Thursday, October 13, 2011

Manhattan Melodrama (1934)

John Dillinger saw this movie in a theater immediately before he was ambushed and killed by the FBI, well at least it was a good one. Given its title one might be suspecting one of those 'White Teleophone'  pictures common at the time, all plush apartments, heiresses, and tears. Manhattan Melodrama could probably be categorized as a 'crime drama' but its really a story about friendship. The structure or organizing principle of the film is one perhaps most associated with the classic Cagney/O'Brien feature Angels with Dirty Faces, two childhood friends end up on opposite sides of the track and one must ultimately sacrifice himself for the principles of the other.

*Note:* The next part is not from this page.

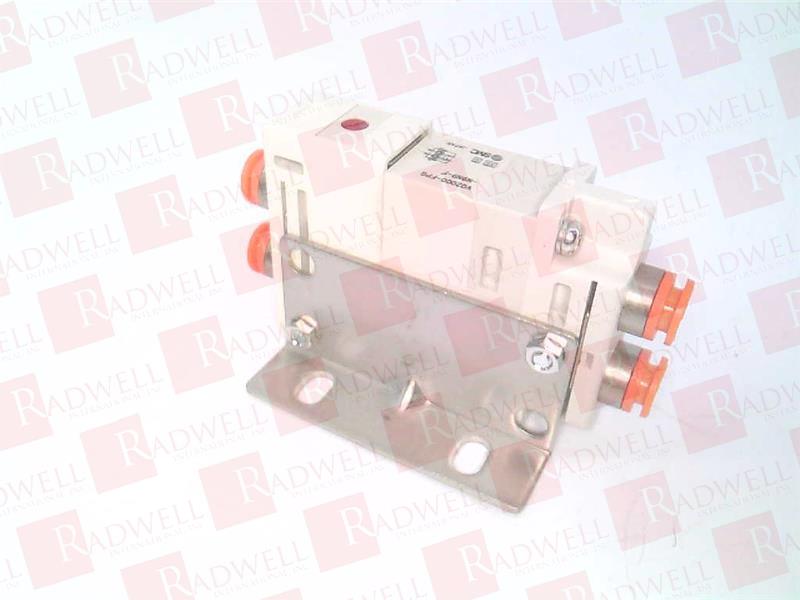 SMC VQ2000-FPG-N9N9-F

In this case the two friends are Clark Gable and William Powell. When they are children (Micky Rooney plays Gable as a boy) their respective parents are killed in a tragic steam boat accident (you've got to love a film that features a river boat fire in the first five minutes). The two are briefly taken in by a nice Jewish man but he's killed in a riot and the film then becomes rather vague about how the two survived. Natural born con artist and charmer Gable goes on to become a kind of crime lord lite (he goes by Blackie), while studious Powell ends up an earnest and dedicated lawyer in the district attorneys office. Interestingly the two remain friends, Powell openly lets Gable know that if he's every arrested it will be his duty to prosecute, Gable for his part still respects, even venerates Powell envisioning a successful future political career for his friend.

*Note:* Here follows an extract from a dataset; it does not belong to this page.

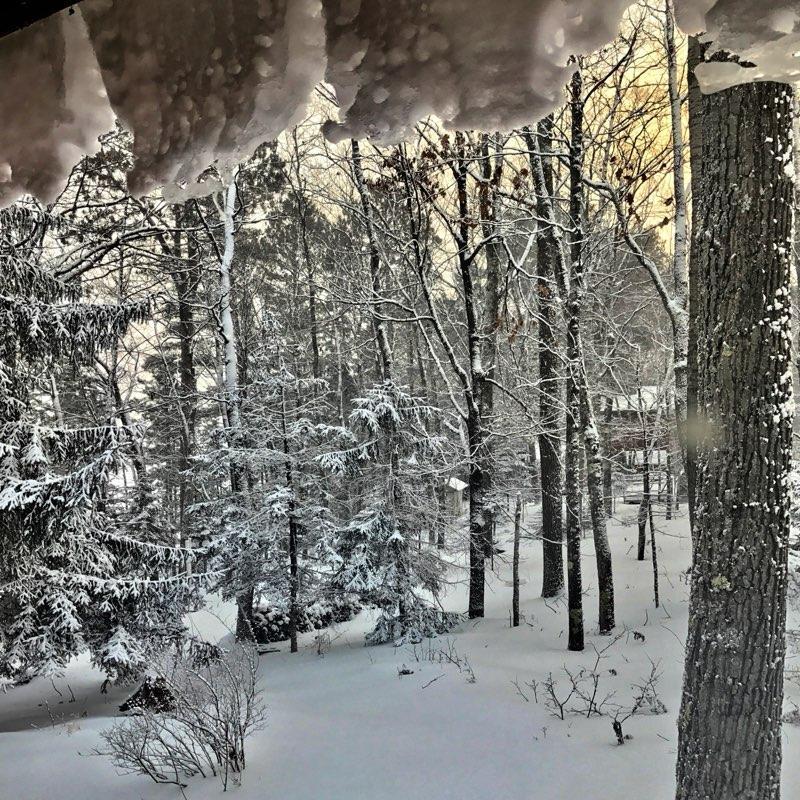 7720 Spider Lake Rd, Iron River, WI 54847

Eventually Powell is elected district attorney, unable to attend Gable sends his girlfriend Myrna Loy to the celebrations, and of course love blooms. While Gable loves Loy he seems to love Powell even more and wishes the two the best as they embark on a romance that ends in marriage. As time goes by Powell is put up by his party to run for Governor, an associate in the DA's office expects to ride his coattails up the political ladder, but Powell knows him to be corrupt and even dismisses him from his current position. The bitter ex-associate threatens to defame Powell, charging that he purposely let Gable off on the murder of a bookie he is widely rumored to have killed (he is actually not prosecuted for lack of evidence). Loy tells Gable this, Gable kills the crooked former lawyer, Powell makes good on his promise to prosecute Gable if he was ever arrested, Gable's sentenced to death and Powell is elected governor.

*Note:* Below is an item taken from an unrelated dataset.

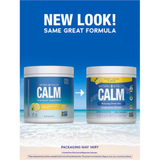 Natural Vitality, CALM, Relaxing Drink Mix, Sweet Lemon, 8 oz, 227 g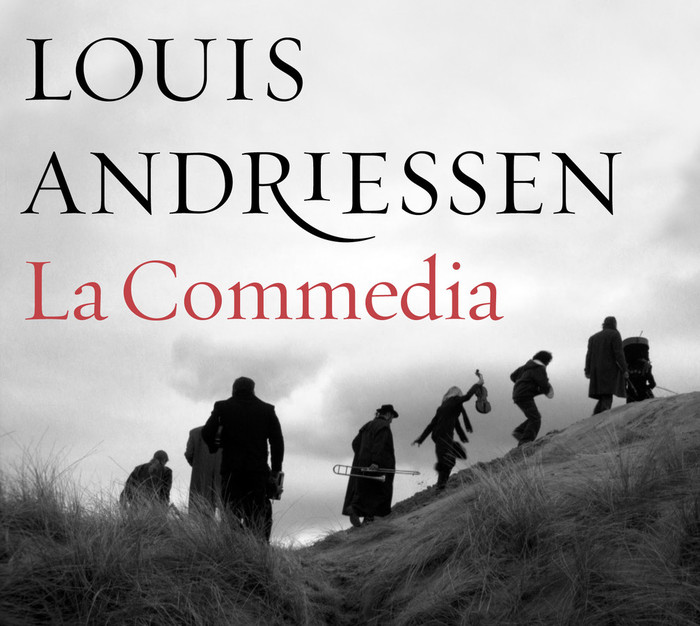 La Commedia (2CD + DVD)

Though he loves Gable, Powell refuses to grant him a stay of execution, feeling it would be an abuse of his power to intervene legally for the sake of a friend, as well as a betrayal of the voters who elected him on his anti-crime credentials. On the night Gable is to be executed Loy tells Powell that Gable committed the murder in order to ensure his election as governor. Loy says she'll leave Powell if he lets Gable be executed, he sticks to his principles and says he can not let Gable off. Torn Powell goes to visit Gable as he awaits execution, he moved by his friends willingness to face execution for the sake of his friend, in fact Gable is down right nonchalant about his impending execution. Powell wavers and offers to save Gables life, Gable refuses and is executed.

How Powell got elected governor I'll never know, he is simply too virtuous. Viewing his 'moment of weakness' in offering to save his friends life as making him unworthy of his high office Powell resigns the governorship (kind of a betrayal of what Gable sacrificed his life for if you think about it), he and Loy are reunited. A melodrama to be sure, and a good one. Charming and anchored by fine performances this is an engaging and likable picture, and while too unlikely a story for the real world, as cinematic morality tale it excels.